Tuesday, February 16, 2010

A small Fosdem wrapup

The other weekend I was in Brussels for FOSDEM. As you know, this year we had a Mono room on sunday, thanks to the amazing efforts of Ruben Vermeersch and Stéphane Delcroix. The conference was great, as it always is, although as usual as didn't get to see much of the talks on saturday - busy preparing my own talk about Moonlight, and meeting people, which is one of the parts I enjoy most at FOSDEM. Sunday was awesome, full of Mono talks in a nicely packed room. People were very interested, we had great feedback, and everything went very well, including my demos - it was a very good day, and all in all, a great event. On monday we had a special Mono hackday, where we got together and, well, hacked. I sat down with Lucas Meijer of Unity and we went through some of the issues they have embedding Mono, similar to what Moonlight has to do. Lucas decided to stay an extra day just for the Mono hackday, after a lot of chatting and quite a few beers the day before, and I'm so glad he did, it was a very productive, if somewhat short, day.

Over the three days of the event I had the pleasure of meeting, remeeting and chatting with a lot of wonderful people, whom I usually only get to talk to online - Jo Shields, Mirco Bauer, Alan McGovern, Jeremie Laval, Jim Purbrick, Michael Meeks, Mans Rullgard, David "Lefty" Schlesinger, Rob Taylor, Bertrand Lorentz, Massimiliano Mantione, just to name a few and not in any particular order (I just know I forgot a ton of people!). Also got to meet a bunch of portuguese people, like Vânia Gonçalves, Miguel Azevedo, Paulo Trezentos and more - some of them I only get to see at FOSDEM these days, for some odd reason... weird country this is :)

All in all, it was great, I missed the interaction and the chats and the dinners and the talks and the general merryness and learning that is to be had when you're surrounded by a thousand geeks. I hope to see you all again soon!

PS: I somehow got Jérémie's name confused with a known beer brand... which might, or might not be, a good sign! Fixed... :)

Tuesday, February 02, 2010

Solving the gcc 4.4 strict aliasing problems

A couple of days ago Jeff Stedfast ran into some problems with gcc 4.4, strict aliasing and optimizations. Being a geeky sort of person, I found the problem really interesting, not only because it shows just how hard it is to write a good, clear standard, even when you're dealing with highly technical (and supposedly unambiguous) language, but also because I never did "get" the aliasing rules, so it was a nice excuse to read up on the subject.

Basically, the standard says that you can't do this:

int a = 0x12345678;
short *b = (short *)&a;

I'm forcing a cast here, and since the types are not compatible, they can't be "alias" of each other, and therefore I'm breaking strict-aliasing rules.

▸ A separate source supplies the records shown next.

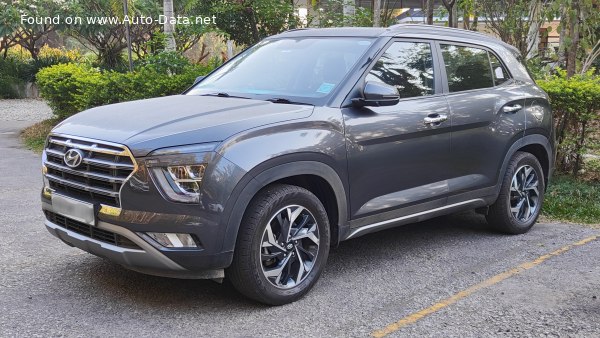 Hyundai Creta 2 1.5 MPi (115 Hp)  4T | Технические характеристики, Расход топлива, Размеры - фото
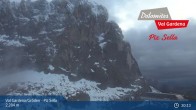 Archiv Foto Webcam Gröden - Piz Sella 02:00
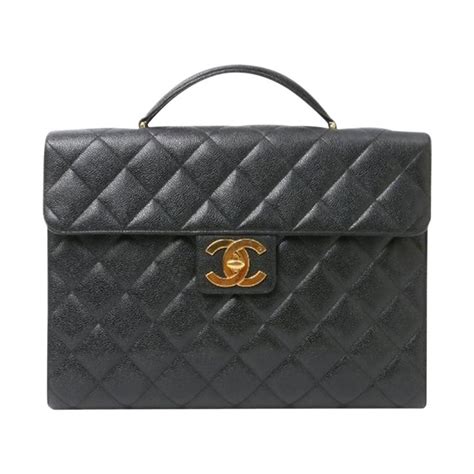 chanel portfolio bag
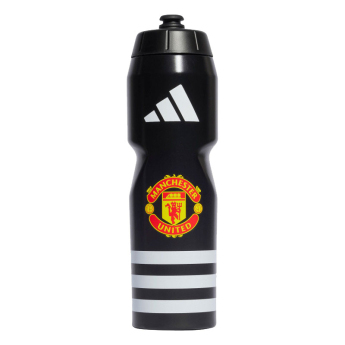 Manchester United fľaša na pitie Bottle black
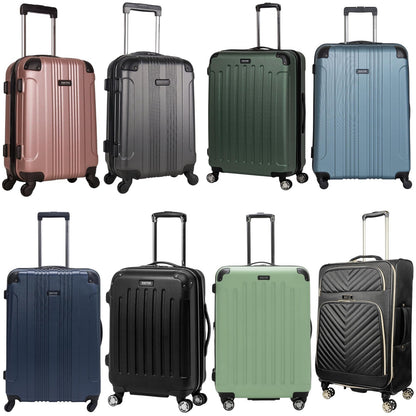 Kenneth Cole REACTION Out of Bounds & Renegade Lightweight 4-Wheel Luggage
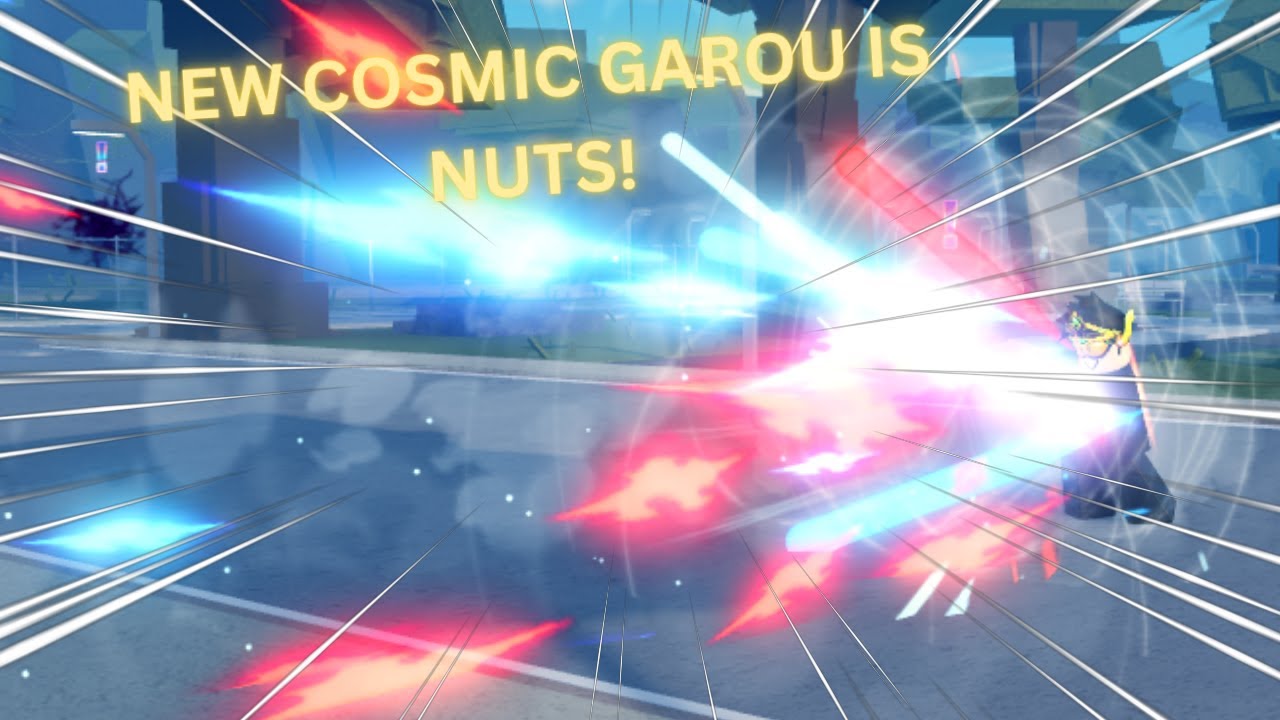 Pokemon garou cosmic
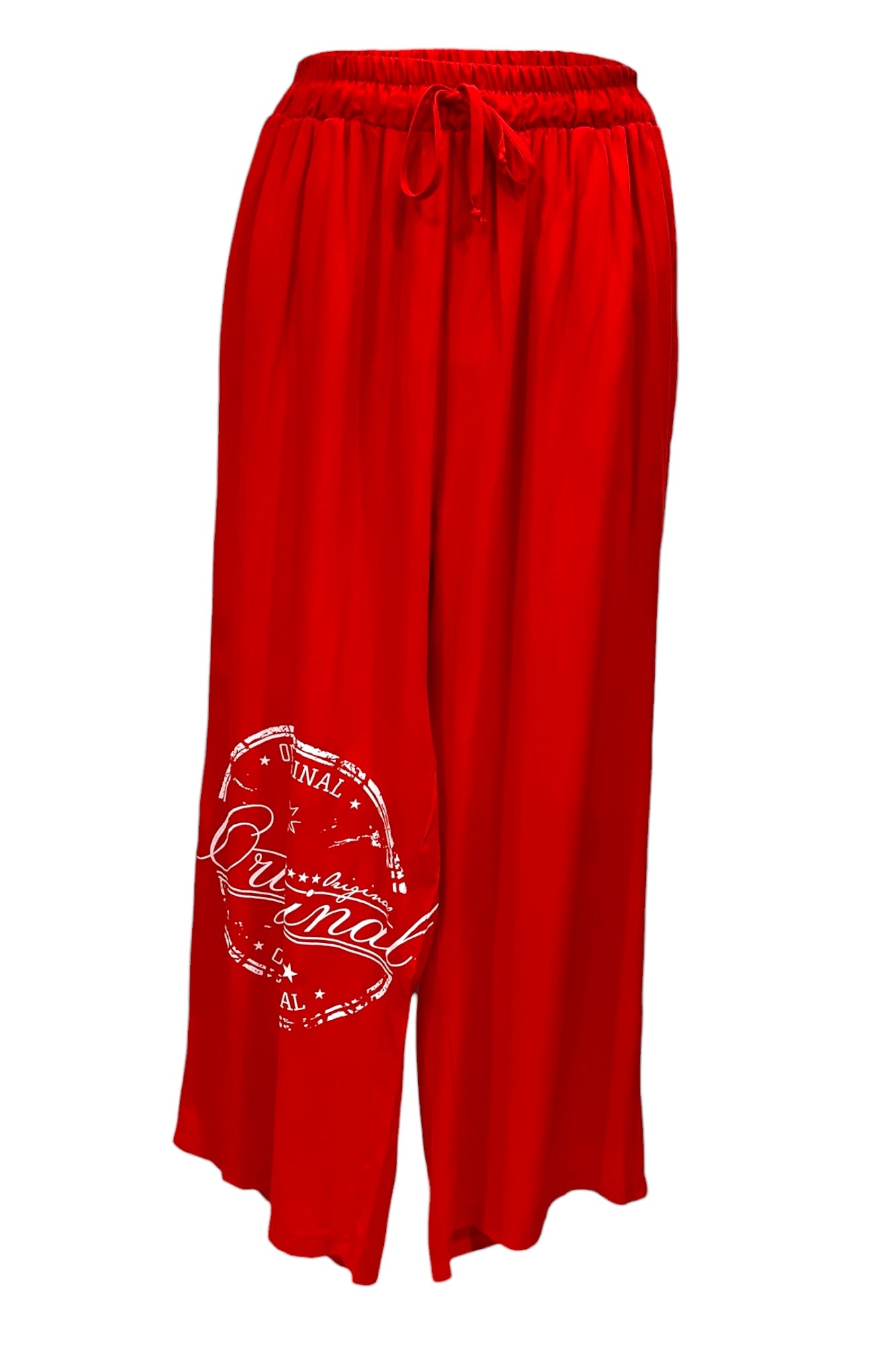 Hose aus Viskose mit Druck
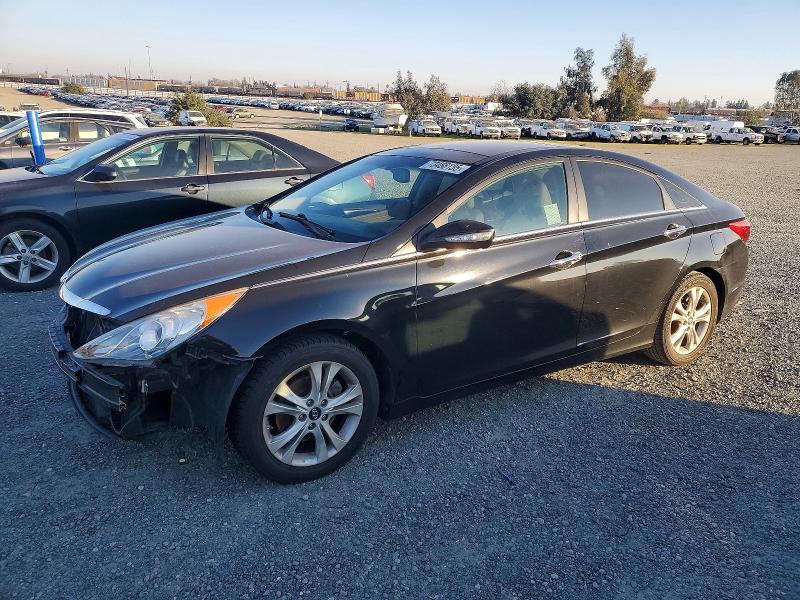 HYUNDAI SONATA SE 2012 with VIN 5NPEC4AC9CH426113 - Photo from auction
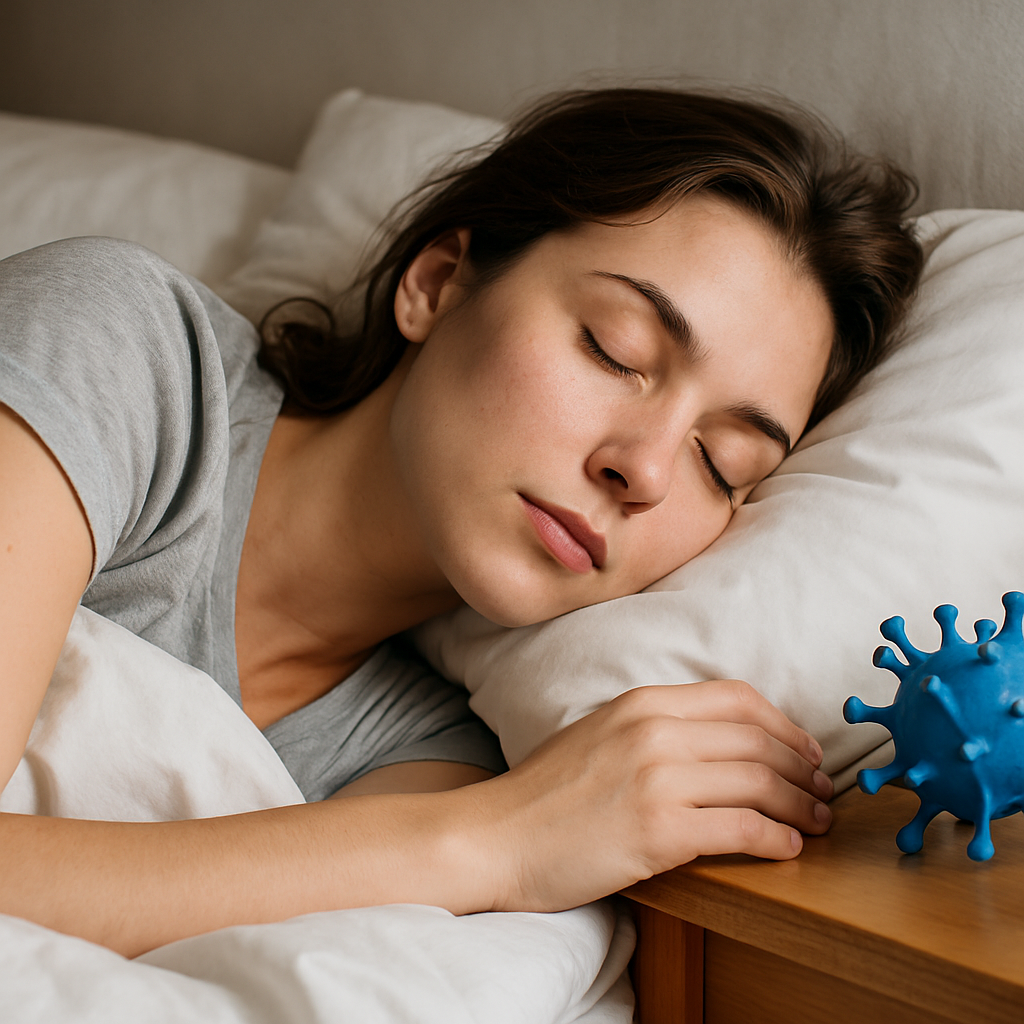 Sen a odporność: dlaczego odpowiednia ilość snu jest kluczowa dla zdrowia.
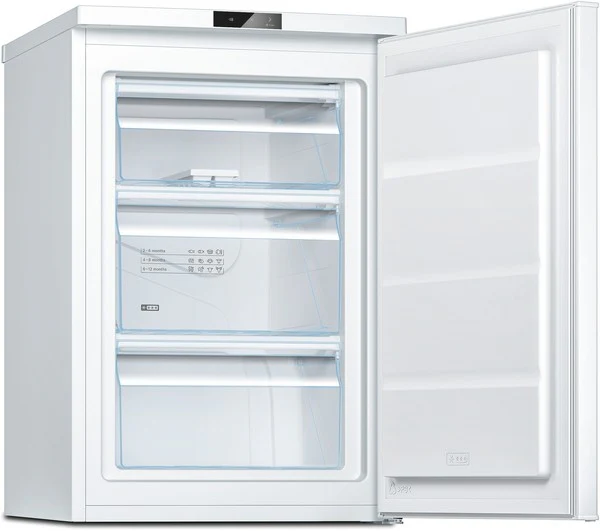 Bosch GTV15NWEBG - Under Counter Freezer - 83L - White - Image 2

Note that if you compile this with -O2 -Wall, it will *not* warn you that you're breaking the rules, even though -O2 activates -fstrict-aliasing and -Wall is supposed to complain about everything (right??). Apparently, this is by design, though why would anyone not want warnings in -Wall for something that will obviously break code is beyond me. If you want to be told that you're not playing by the rules, make sure you build with -Wstrict-aliasing=2, which will say:

line 2 - warning: dereferencing type-punned pointer will break strict-aliasing rules

So now you know you're being naughty. Of course, if you did try to access the variable, even just with -Wall it will complain at you - this more complete snippet will give you several warnings with -Wall:

int a = 0x12345678;
short *b = (short *)&a;
b[1] = 0;
if (a == 0x12345678)
  printf ("error\n");
else
  printf ("good\n");

line 3 - warning: dereferencing pointer ‘({anonymous})’ does break strict-aliasing rules

The problem gets ugly when you're dealing with structs and pointers to them - then -Wall is completely silent about possible issues, and only -Wstrict-aliasing=2 will work, like in this little snippet:

typedef struct type {
  struct type *next;
  int val;
} Type;

...

Type *t1, *t2, *t3;
t1 = t2 = NULL;
t1 = (Type*) &t2;
int i;
for (i = 0; i < 2; i++) {
  t3 = malloc (sizeof (Type));
  t1->next = t3;
  t1 = t3;
}
if (!t2)
  printf ("error\n");
else
  printf ("good\n");

This doesn't emit any warnings on -Wall because the loop makes it slightly fuzzy for gcc to tell whether things are getting assigned or not. -O2 will optimize away the assignment to t1 on line 3, which will make things not work later on.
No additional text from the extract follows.